### EXERCISE
Leaving out all images, write out the records that follow exactly.

((

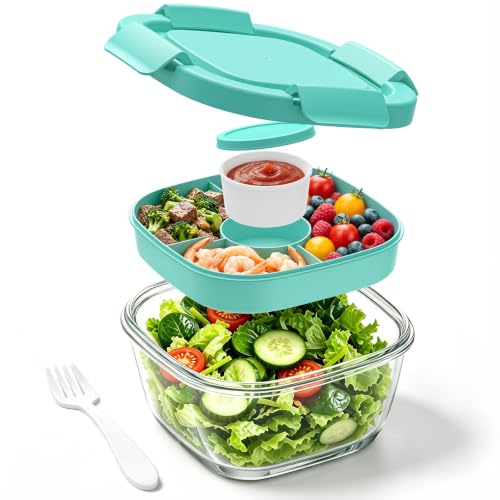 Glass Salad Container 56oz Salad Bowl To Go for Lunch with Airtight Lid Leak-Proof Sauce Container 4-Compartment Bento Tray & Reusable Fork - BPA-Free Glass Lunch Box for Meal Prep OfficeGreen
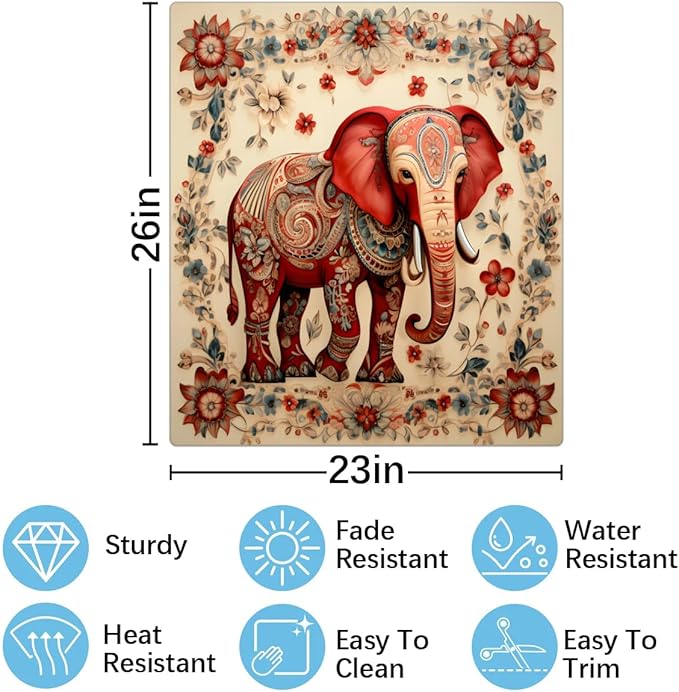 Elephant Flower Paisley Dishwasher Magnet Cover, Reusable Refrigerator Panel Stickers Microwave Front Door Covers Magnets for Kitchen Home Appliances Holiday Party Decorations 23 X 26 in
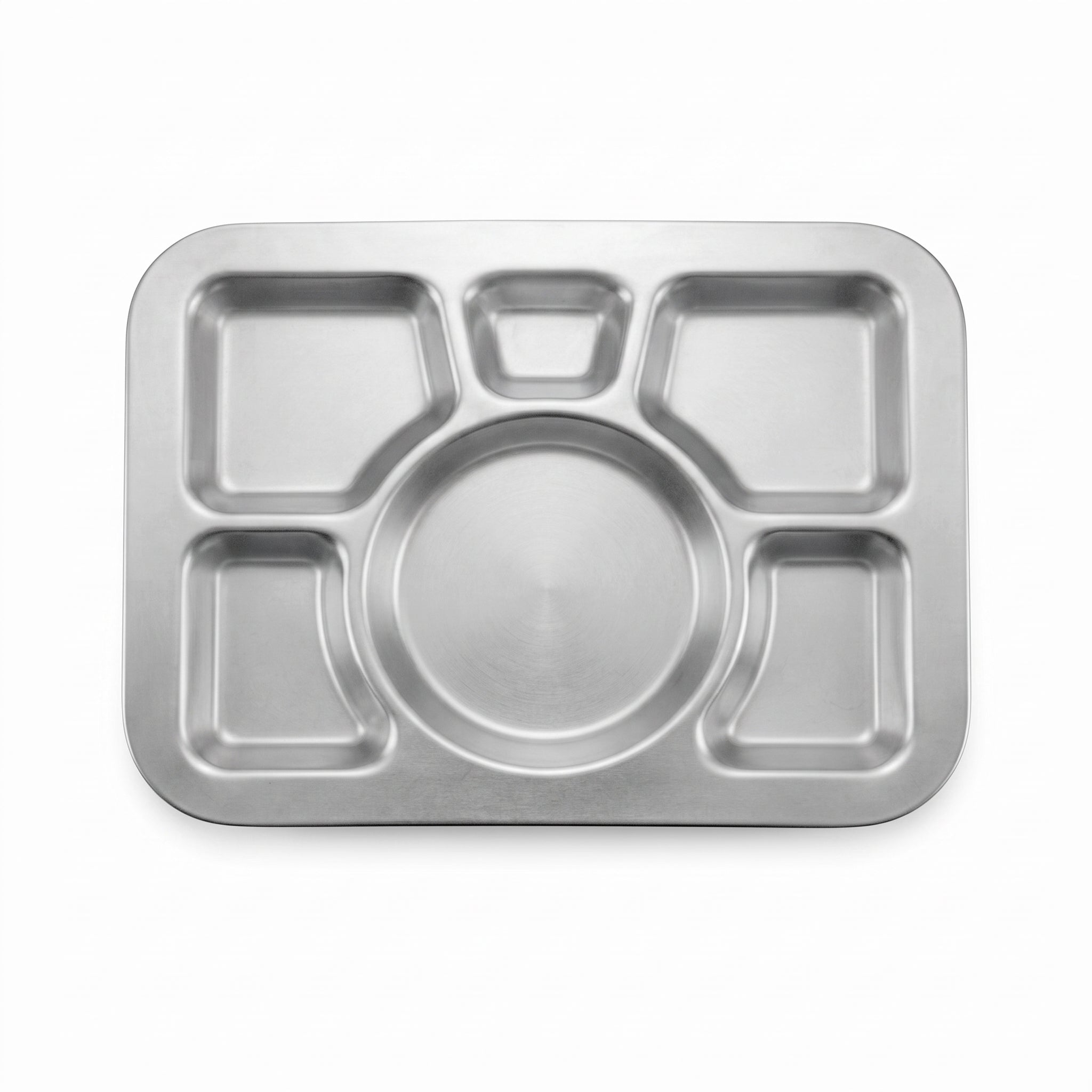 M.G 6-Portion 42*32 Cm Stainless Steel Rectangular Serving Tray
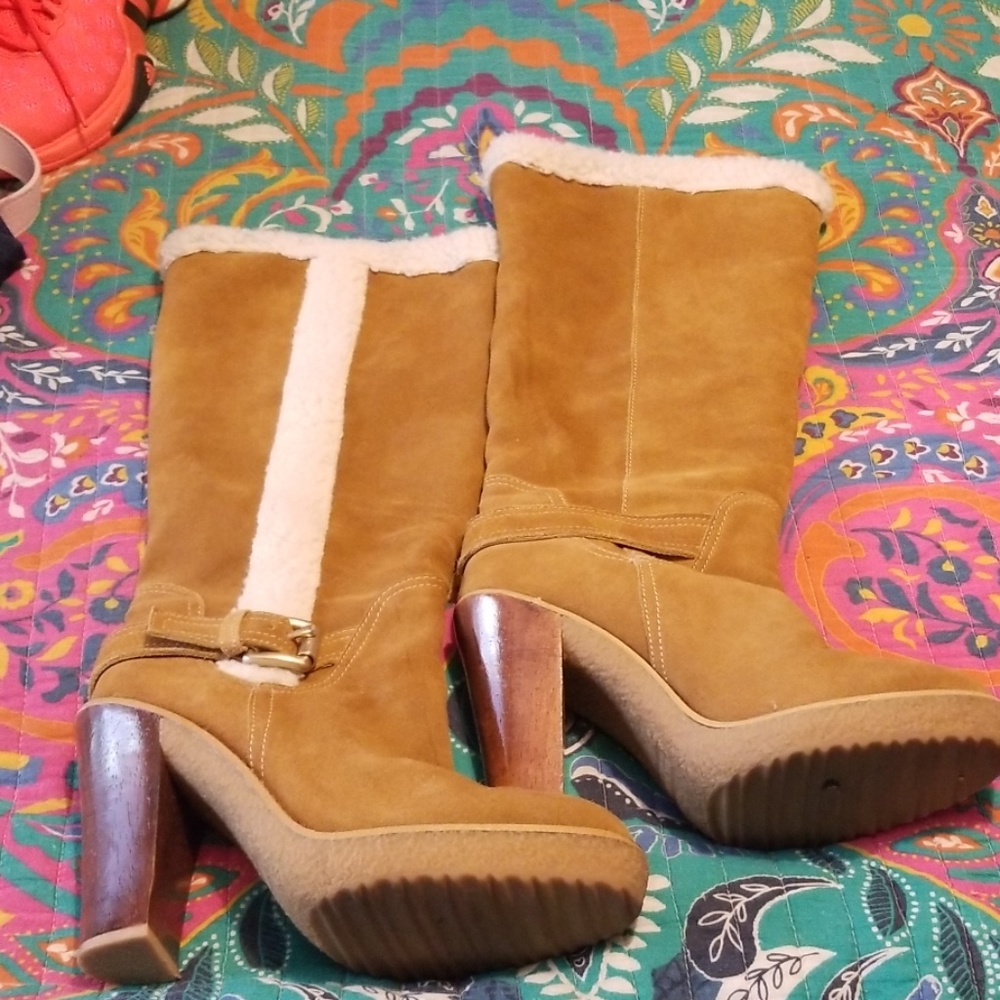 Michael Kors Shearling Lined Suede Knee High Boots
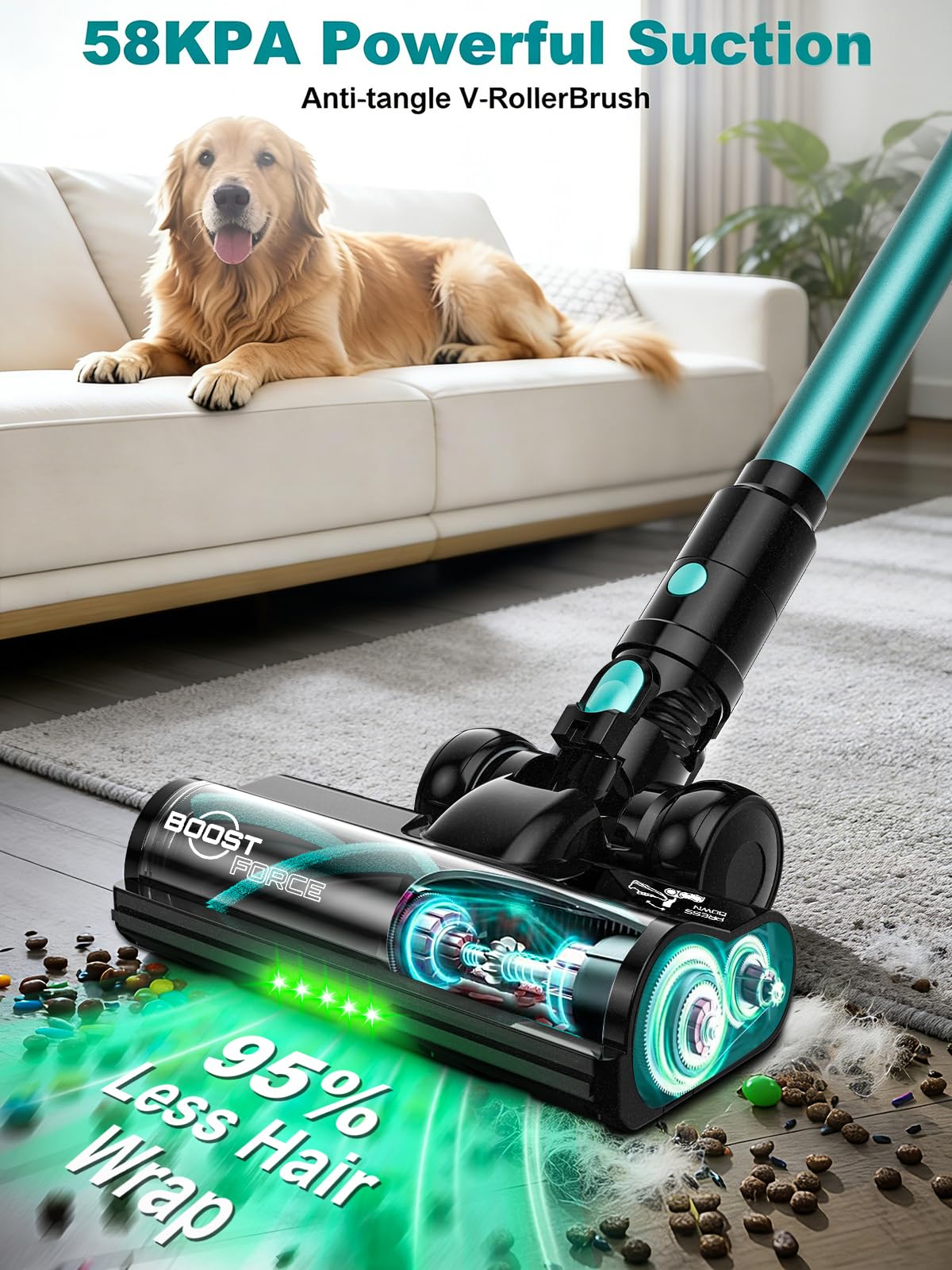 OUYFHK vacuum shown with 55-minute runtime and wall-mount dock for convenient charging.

))

### RESPONSE
 Glass Salad Container 56oz Salad Bowl To Go for Lunch with Airtight Lid Leak-Proof Sauce Container 4-Compartment Bento Tray & Reusable Fork - BPA-Free Glass Lunch Box for Meal Prep OfficeGreen
 Elephant Flower Paisley Dishwasher Magnet Cover, Reusable Refrigerator Panel Stickers Microwave Front Door Covers Magnets for Kitchen Home Appliances Holiday Party Decorations 23 X 26 in
 M.G 6-Portion 42*32 Cm Stainless Steel Rectangular Serving Tray
 Michael Kors Shearling Lined Suede Knee High Boots
 OUYFHK vacuum shown with 55-minute runtime and wall-mount dock for convenient charging.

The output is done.